## ENTRIES PROVIDED

========

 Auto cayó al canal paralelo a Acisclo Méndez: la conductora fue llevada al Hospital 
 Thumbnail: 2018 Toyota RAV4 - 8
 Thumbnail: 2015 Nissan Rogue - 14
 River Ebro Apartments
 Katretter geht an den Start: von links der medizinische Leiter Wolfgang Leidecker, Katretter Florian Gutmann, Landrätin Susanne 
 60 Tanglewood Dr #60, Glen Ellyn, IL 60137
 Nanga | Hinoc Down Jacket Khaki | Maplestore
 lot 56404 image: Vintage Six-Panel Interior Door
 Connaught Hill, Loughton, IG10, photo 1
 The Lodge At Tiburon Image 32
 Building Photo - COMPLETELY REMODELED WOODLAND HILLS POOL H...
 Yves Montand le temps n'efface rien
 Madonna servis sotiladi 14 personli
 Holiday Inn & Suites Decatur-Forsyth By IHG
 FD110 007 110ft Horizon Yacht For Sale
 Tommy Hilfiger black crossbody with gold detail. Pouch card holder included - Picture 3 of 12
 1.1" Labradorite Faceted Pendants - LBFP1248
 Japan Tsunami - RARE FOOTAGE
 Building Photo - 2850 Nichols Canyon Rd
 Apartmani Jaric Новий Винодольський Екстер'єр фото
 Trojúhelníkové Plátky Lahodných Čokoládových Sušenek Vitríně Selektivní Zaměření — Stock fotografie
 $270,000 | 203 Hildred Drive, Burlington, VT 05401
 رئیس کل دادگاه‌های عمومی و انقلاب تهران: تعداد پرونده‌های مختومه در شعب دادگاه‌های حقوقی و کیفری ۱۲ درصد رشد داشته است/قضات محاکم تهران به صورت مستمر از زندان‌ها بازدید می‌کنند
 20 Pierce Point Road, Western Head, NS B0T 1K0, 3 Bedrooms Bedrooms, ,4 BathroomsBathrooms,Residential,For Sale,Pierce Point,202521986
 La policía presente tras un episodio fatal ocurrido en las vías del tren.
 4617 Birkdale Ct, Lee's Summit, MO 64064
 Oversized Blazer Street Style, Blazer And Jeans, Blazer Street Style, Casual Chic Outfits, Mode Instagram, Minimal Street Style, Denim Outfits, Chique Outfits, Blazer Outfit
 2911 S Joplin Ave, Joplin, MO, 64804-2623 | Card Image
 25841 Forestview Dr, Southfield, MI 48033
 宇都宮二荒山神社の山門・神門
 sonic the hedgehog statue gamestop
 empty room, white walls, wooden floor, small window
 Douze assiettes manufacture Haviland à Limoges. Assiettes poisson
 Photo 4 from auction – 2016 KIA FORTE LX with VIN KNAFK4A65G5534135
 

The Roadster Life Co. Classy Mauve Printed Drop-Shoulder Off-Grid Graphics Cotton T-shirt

========

## EXERCISE PROMPT
Report every line in the data above in which the word "Thumbnail" appears.

## SOLUTION TO THE EXERCISE
 Thumbnail: 2018 Toyota RAV4 - 8
 Thumbnail: 2015 Nissan Rogue - 14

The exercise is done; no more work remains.